The allowance has been many an apprentice's best friend, and business often tails off when riders lose it and become journeymen. But many around Bay Meadows don't think Figueroa, currently fifth in the jockey standings with 25 wins after finishing third during the Bay Meadows spring meeting, will be affected.

"He doesn't need the bug," said Dennis Ward, who trains the northern California string for his son, Wesley, a former Eclipse Award-winning apprentice.

"He can do everything the old riders can do. He breaks from the gate, knows where to be, knows how to finish. He'll do good. He's got everything."

Trainer Lonnie Arterburn, a former rider himself, doesn't think losing the bug will be a hindrance to Figueroa.

"Usually it is, but not now," he said when asked if losing the bug would be a problem. "We're thin on riders right now. It will help that Jason Lumpkins [second in the jockey standings] is leaving."

Ward also pointed to Lumpkins's departure.

"Wherever Lumpy is at, [Figueroa] will take his spot" on live horses, Ward predicted.

Figueroa's agent is Dennis Patterson, who also handles Lumpkins's book locally.

Figueroa, 19, has just returned from a trip home to his native Puerto Rico, after receiving eight days of suspensions. Figueroa believes he put his apprentice status to good use.

"I remember the first time I rode," he said. "Someone told me, 'Ride for learning, not for winning,' and that's what I do."

But he's done a lot of winning, too, since he scored his first victory on the third mount of his career July 11, 2001, at Monmouth.
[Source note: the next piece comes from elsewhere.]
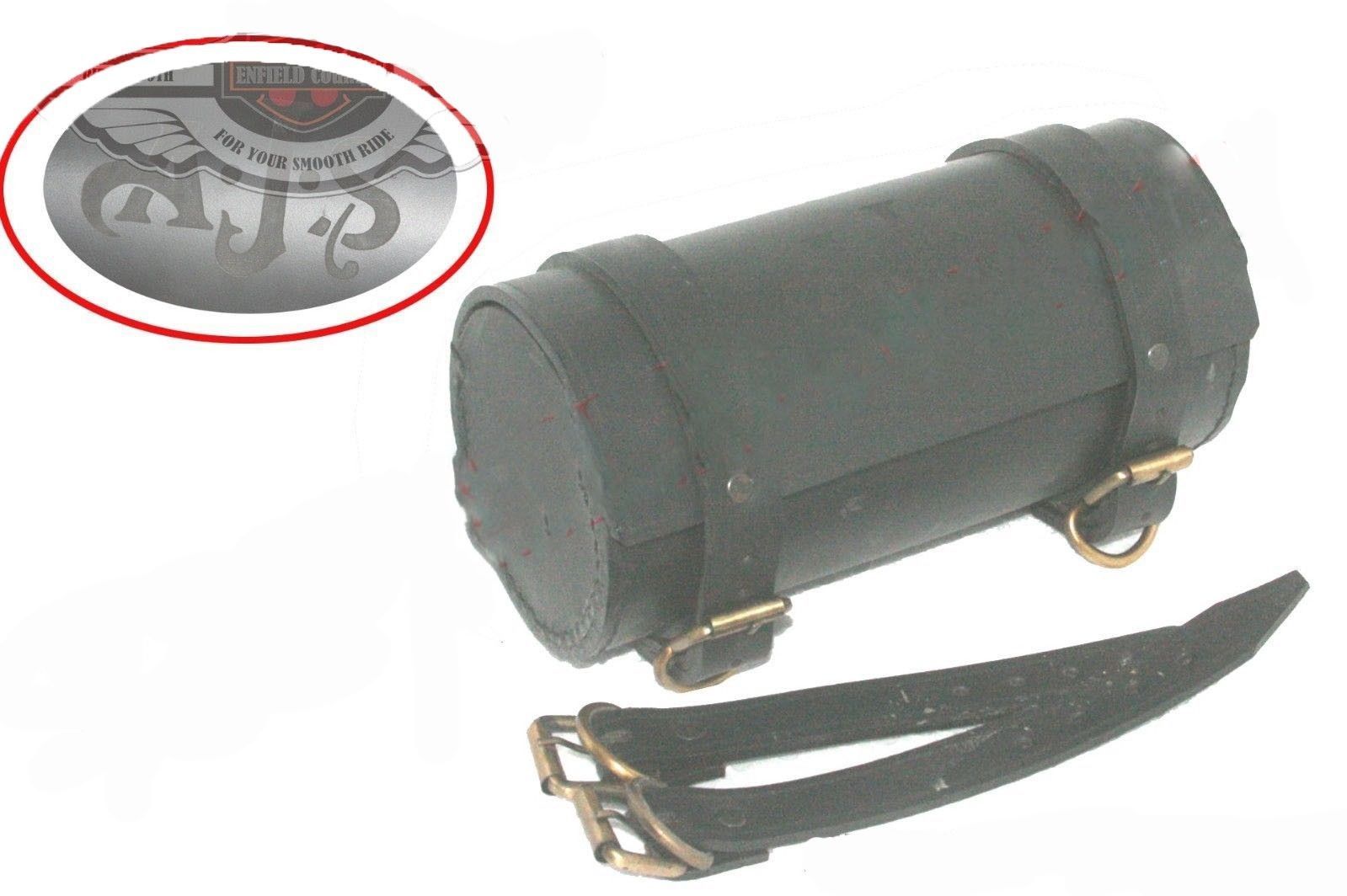 AJS Customized Genuine Black Leather Tool Roll Bag AJS Motorcycle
Even with the winning, he is concentrating on improvement.

"I pay attention and listen to all the jockeys," he said. "I watch the good jockeys and learn more than I did before. The riders out here have taught me a lot."

When Bay Meadows ended its spring meeting in June, Figueroa went south rather than ride on the fair circuit.

"That was good to go down there," he said. "Down south, I'd watch all the jockeys, and every time I rode they'd tell me something. I appreciate all they taught me."